Es un hombre joven, algunos años dedicado al mundo de la hostelería, que le han enseñado a tener buen oído -nos cuenta él- y mucha, muchísima paciencia. Tiene tres hijos, una esposa joven también que con los ojos le acaricia mientras le dice continuamente que le quiere y que estará a su lado y un hepatocarcinoma diagnosticado hace pocos meses.
Sabe perfectamente que sucede con su enfermedad y habla de ella con serenidad. Una fotografía de un hombre muy parecido a él me sonríe desde la mesilla “Mi padre murió a los 57 años de lo mismo”. Mientras lo dice también Antonio hace una mueca parecida a una sonrisa y entonces se convierte en el hombre de la foto. Padre e hijo idénticos, el paso del tiempo congelado, la enfermedad acercándolos.
El dolor acecha, le impide dormir, lo arroja a la cama, lo anula. Hablamos largamente sobre como controlarlo, cambiar de fármaco, dosis de rescate si requiere, “hay muchas alternativas Antonio para sobrellevar los síntomas, te seguiremos llamando, no dudes en tomar la medicación extra cada vez que lo estés pasando mal, siempre que tengas una duda estaremos al teléfono, si hace falta volvemos enseguida, mañana mismo si es preciso”.
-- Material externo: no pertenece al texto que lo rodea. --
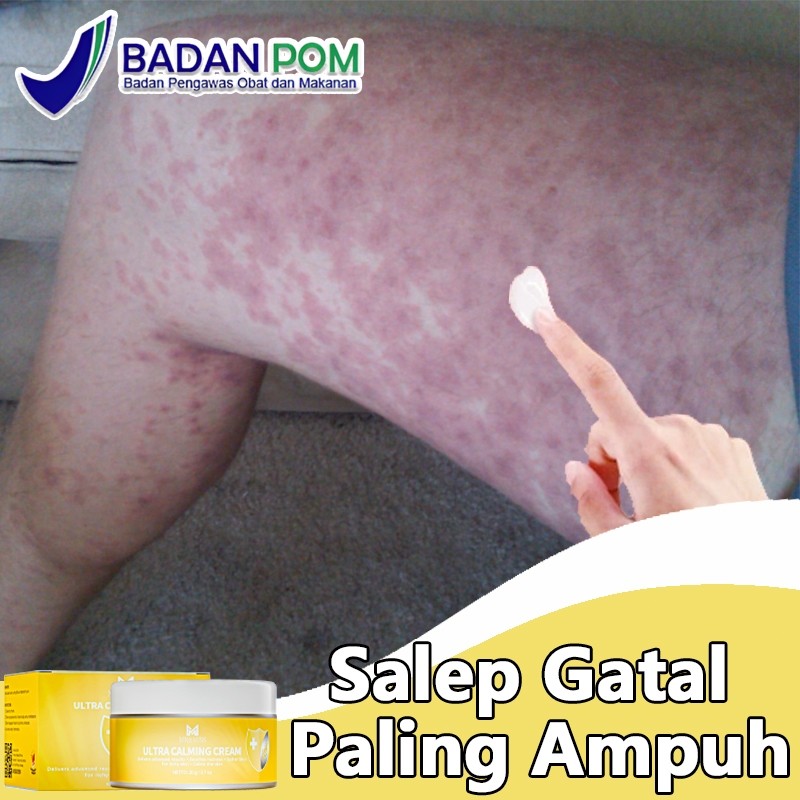 Salep selangkangan gatal dan jamur obat gatal kulit obat gatal selangkangan 20ml Salep selangkangan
Nos escucha con tranquilidad, me atrevería a decir que hasta con cierta paz. Se permite hacer alguna bromilla, comentar una anécdota, jugar un rato con la linterna.
Cuando nos despedimos me da un abrazo bastante más efusivo de lo protocolario, me mira intensamente mientras dice “gracias por venir, de verdad”. De forma súbita noto que alguien me aprieta suavemente el cuello y un discreto temblor….nuevamente mis emociones haciéndose presente.
Bajo las escaleras pensando en como la sociedad nos vende la imagen de los superhéroes….ni Superman ni Batman, yo me quedo con Antonio.